▶ _EXERCISE AIM_: Scan the records below, and wherever a line has the word "analysis", pull it out.

▶ _EXERCISE INPUTS_:

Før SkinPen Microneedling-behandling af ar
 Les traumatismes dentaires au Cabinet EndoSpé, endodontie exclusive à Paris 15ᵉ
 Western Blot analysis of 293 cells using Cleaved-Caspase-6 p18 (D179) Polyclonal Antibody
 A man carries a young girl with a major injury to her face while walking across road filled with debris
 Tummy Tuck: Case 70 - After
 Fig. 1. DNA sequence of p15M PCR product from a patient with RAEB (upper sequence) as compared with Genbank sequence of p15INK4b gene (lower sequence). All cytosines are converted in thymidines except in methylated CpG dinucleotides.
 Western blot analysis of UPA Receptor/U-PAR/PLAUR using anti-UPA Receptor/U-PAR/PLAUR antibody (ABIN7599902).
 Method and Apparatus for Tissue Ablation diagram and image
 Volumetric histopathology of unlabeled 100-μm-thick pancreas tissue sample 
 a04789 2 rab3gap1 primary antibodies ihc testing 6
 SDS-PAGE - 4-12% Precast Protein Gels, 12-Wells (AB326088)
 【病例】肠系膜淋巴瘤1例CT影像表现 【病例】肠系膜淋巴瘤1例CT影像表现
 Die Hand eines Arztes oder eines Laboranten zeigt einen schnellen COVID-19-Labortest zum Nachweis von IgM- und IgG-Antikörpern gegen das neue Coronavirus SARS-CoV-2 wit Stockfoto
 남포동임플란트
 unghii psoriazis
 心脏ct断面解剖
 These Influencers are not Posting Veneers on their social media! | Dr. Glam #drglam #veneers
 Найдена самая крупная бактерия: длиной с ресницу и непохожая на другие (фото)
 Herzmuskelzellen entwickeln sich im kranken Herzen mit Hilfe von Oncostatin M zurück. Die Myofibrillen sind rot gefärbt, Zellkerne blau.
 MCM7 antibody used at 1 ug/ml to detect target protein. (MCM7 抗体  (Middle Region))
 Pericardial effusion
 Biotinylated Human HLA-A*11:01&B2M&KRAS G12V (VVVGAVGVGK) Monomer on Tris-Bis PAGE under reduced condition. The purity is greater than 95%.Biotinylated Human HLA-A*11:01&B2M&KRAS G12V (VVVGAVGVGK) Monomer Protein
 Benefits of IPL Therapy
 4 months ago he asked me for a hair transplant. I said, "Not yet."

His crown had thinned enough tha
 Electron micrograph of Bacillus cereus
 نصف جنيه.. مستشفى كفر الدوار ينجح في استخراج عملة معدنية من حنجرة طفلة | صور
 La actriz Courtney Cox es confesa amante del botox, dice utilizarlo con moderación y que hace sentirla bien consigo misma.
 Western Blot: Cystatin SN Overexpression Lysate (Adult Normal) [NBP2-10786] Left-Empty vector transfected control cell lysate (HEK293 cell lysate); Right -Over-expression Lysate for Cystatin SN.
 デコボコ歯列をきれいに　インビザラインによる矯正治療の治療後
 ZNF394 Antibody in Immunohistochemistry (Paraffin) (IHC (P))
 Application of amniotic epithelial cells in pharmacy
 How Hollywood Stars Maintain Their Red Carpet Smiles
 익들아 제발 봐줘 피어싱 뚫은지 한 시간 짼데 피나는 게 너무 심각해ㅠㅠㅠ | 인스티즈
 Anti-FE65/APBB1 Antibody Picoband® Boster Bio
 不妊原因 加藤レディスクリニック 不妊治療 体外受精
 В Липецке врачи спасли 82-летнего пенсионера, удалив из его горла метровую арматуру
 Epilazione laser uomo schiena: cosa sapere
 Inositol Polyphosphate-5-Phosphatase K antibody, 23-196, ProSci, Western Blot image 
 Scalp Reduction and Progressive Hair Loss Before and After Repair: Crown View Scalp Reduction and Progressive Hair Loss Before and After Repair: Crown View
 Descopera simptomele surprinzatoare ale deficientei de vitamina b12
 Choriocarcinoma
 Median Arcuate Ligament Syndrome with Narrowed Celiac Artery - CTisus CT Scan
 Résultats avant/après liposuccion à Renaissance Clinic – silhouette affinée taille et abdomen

▶ _ANSWER_:
 Western Blot analysis of 293 cells using Cleaved-Caspase-6 p18 (D179) Polyclonal Antibody
 Western blot analysis of UPA Receptor/U-PAR/PLAUR using anti-UPA Receptor/U-PAR/PLAUR antibody (ABIN7599902).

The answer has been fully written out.